When Britain’s water and sewage industry was privatised in 1989, the promise was that private investment would result in a massive expansion of the infrastructure to overcome some of the problems with droughts and leakage that had emerged in the 1970s.
The real reason for privatisation – based on the actual outcome – was to fuel the Thatcher government’s addiction to hawking public assets to fund tax cuts and corporate welfare kickbacks to their wealthy supporters. Most obviously, Britain has never had a water grid to allow surplus water in the mountainous, Atlantic-facing west to be pumped to the drought-prone and over-populated southeast. Nor was government in the 1980s prepared to even consider such a network. And the private regional water companies after 1989 had no interest in funding such a large infrastructure project. Indeed, even in the wet – and often flood prone – west, there has been no investment in new reservoirs to capture some of that water, despite a growing risk of drought even in those regions in hot and dry summers such as 2020 and 2025.

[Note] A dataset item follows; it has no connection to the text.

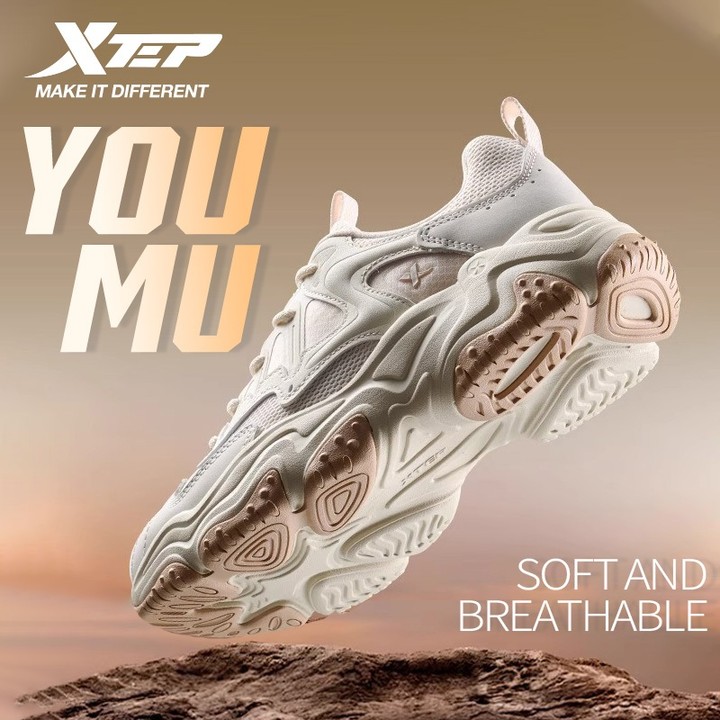 【xtep】 YOUMU 丨 ฤดูร้อน Casual Mesh Breathable Retro Outdoor Fashion Sports Daddy Shoes — รองเท้ากีฬา แบรนด์ Xtep ของแท้ 100% เช็คราคาจาก Shopee Lazada - รูปที่ 1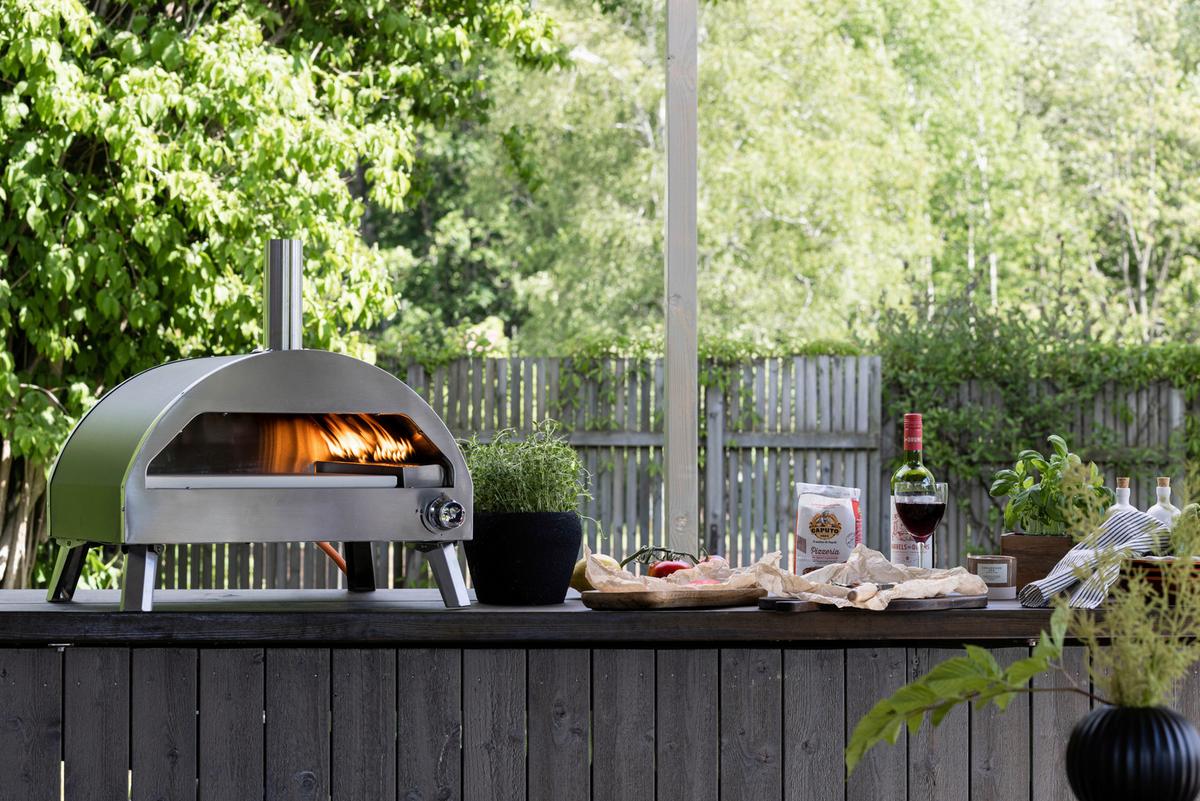 Pizzaofen Kerang Silberfarben - Silberfarben, KONVENTIONELL, Metall (56,3/56,5/54cm) - Gardenson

It turned out that, even as the privatisation bill was passing through parliament, Britain’s last reservoir was being constructed. The Carsington dam in the Peak district was completed in 1992. But subsequent proposals for new infrastructure have fallen foul of political opposition and restrictive planning regulations, together with the increased cost of construction in a country that has largely forgotten how to build infrastructure.
This is not to suggest that no infrastructure improvements occurred after privatisation. In a monopolistic quasi-market system, even private companies are subject to a degree of state oversight. And regulators had to justify their existence by insisting on a minimum improvement of Britain’s Victorian era water pipes and sewage processing systems. Moreover, European legislation insisted that Britain end its practice of dumping raw sewage into rivers and inshore waters. Much of this improvement though, was funded by a raft of borrowing which has been rolled-over but never repaid ever since. And almost all of the money people paid for their water was doled out as dividends to shareholders. With the result that as the now floundering water companies face liquidation, one way or another, the state will have to step in (even the neoliberals are not so insane as to leave London without water) leaving a beleaguered public to pick up the tab.